Following the surrender of the republican forces they had tunneled their way through the walls of houses in Talbot Street and taken shelter in a church vault in the hope they could escape after the British searches had ended.

But, the rebels were discovered and captured by soldiers under the control of Billy McGahey who was ordered to take them to the grounds of the Custom House.

At this point the British soldiers began to attack the Irish Volunteers with rifle butts and poke them with bayonets. Billy McGahey intervened at this point saying 'these men are prisoners of war and would be treated as prisoners of war.'

As the captive rebels were later led across Eden Quay another group of soldiers threatened to shoot them. Again, McGahey stepped in and said no harm would befall the republicans while they were under his charge.

The man who asked if the Derry journalist knew Sergeant-Major McGahey was convinced that the staunch loyalist from the Fountain had saved his and his comrades lives.

William McGahey died at his home at 43 Fountain Street on August 16, 1933. It was reported that his funeral three days later was one of the largest seen in Derry in many years. Mourners who followed the cortege to Derry City Cemetery contained representatives from all classes and creeds.

Mary McGahey, William's wife, was also a native of Derry. She served the medical profession in the city for more than forty years as a State Registered Midwife.
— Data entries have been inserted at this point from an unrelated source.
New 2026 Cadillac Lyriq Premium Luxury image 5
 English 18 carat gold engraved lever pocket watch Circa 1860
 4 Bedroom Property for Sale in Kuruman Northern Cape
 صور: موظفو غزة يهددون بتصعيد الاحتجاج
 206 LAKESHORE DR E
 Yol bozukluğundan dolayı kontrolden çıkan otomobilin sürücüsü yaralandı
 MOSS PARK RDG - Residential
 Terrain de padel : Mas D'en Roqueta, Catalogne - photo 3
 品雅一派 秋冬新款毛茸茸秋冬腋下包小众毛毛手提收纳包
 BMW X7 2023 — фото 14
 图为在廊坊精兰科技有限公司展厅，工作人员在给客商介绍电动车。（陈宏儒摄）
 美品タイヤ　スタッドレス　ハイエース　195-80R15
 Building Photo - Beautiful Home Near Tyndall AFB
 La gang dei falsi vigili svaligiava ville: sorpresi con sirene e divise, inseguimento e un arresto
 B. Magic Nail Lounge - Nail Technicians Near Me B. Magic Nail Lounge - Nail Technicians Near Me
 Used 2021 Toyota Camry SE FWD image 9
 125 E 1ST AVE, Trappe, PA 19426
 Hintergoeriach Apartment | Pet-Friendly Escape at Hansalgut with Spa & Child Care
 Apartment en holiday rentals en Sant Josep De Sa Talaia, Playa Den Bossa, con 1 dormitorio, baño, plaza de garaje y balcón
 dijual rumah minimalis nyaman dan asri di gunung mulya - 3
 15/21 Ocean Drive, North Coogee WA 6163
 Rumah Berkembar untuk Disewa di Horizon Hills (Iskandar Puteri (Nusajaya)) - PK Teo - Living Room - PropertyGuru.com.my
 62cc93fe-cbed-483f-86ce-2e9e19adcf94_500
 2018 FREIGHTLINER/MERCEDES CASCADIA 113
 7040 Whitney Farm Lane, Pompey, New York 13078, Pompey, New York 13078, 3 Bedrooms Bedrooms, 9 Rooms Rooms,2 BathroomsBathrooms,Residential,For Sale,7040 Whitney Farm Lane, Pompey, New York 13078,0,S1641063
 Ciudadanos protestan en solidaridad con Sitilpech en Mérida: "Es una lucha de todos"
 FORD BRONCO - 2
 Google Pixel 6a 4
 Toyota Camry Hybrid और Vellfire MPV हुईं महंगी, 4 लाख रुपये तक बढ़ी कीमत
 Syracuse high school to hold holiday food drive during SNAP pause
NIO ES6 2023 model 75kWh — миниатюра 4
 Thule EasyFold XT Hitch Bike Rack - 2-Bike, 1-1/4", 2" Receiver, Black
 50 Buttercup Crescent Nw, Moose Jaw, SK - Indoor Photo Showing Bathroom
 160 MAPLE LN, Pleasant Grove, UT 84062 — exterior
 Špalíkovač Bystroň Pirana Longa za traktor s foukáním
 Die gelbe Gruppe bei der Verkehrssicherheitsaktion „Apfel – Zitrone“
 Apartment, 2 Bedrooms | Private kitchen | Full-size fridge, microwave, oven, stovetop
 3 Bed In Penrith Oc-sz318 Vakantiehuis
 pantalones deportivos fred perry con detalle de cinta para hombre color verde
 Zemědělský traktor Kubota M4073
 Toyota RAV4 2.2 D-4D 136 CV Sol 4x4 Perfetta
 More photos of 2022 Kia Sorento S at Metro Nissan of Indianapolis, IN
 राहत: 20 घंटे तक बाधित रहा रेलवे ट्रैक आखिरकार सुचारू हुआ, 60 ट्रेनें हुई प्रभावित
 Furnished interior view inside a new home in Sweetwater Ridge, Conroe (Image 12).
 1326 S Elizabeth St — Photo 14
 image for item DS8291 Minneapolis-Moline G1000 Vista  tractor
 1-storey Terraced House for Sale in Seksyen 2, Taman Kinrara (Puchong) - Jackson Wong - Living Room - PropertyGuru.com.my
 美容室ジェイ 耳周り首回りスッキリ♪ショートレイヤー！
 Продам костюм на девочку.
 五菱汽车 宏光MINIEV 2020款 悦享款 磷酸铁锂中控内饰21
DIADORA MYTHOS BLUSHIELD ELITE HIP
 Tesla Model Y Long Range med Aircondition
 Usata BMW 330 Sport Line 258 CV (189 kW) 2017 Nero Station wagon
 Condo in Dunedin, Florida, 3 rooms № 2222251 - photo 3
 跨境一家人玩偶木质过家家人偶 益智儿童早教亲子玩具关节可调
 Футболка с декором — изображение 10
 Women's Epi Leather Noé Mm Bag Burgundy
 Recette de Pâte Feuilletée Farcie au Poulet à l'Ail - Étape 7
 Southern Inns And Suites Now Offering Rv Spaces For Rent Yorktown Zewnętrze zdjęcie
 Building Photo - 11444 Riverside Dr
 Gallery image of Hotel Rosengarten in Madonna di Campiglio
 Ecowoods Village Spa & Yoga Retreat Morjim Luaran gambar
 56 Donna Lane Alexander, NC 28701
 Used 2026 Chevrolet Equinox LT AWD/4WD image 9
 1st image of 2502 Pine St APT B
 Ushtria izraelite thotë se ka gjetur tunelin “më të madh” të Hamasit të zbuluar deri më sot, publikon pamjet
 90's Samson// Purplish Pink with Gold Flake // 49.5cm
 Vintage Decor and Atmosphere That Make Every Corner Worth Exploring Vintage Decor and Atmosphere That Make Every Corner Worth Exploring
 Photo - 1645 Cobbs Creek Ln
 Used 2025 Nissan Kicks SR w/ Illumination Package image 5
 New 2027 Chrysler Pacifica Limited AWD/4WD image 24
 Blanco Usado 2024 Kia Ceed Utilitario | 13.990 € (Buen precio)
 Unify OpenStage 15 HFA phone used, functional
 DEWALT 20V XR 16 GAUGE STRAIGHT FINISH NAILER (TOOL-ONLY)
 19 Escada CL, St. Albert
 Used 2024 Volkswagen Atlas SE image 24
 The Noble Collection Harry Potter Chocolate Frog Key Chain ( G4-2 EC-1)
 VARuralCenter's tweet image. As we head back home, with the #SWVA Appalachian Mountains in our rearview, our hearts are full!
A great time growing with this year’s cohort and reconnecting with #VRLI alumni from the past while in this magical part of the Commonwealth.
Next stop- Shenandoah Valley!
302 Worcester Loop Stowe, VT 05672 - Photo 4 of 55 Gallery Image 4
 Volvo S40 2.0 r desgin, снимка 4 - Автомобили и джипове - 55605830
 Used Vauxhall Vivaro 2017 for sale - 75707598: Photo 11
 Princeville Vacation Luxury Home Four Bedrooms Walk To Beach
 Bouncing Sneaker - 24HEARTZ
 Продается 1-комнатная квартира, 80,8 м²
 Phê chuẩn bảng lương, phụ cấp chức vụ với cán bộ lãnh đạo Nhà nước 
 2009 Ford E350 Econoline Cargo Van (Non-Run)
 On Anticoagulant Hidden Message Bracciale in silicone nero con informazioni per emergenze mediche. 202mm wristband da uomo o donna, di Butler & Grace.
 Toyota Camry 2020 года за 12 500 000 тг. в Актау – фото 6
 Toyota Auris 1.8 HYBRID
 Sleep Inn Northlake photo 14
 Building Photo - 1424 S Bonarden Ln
She passed away following a period of illness in May, 1961 at the then recently opened Altnagelvin Hospital. She was 84-years-old.

William and Mary's son also called William also attained the rank of Sergeant and had joined up at the age of 16 and fought in WWI. He again volunteered in September 1939 at the outbreak of WWII and served throughout the conflict with the North Irish Horse in campaigns in North Africa and Italy. He was mentioned in Despatches for his service in the field.

CAPTION: The funeral cortege of William McGahey passes through Bishop Street in August, 1933.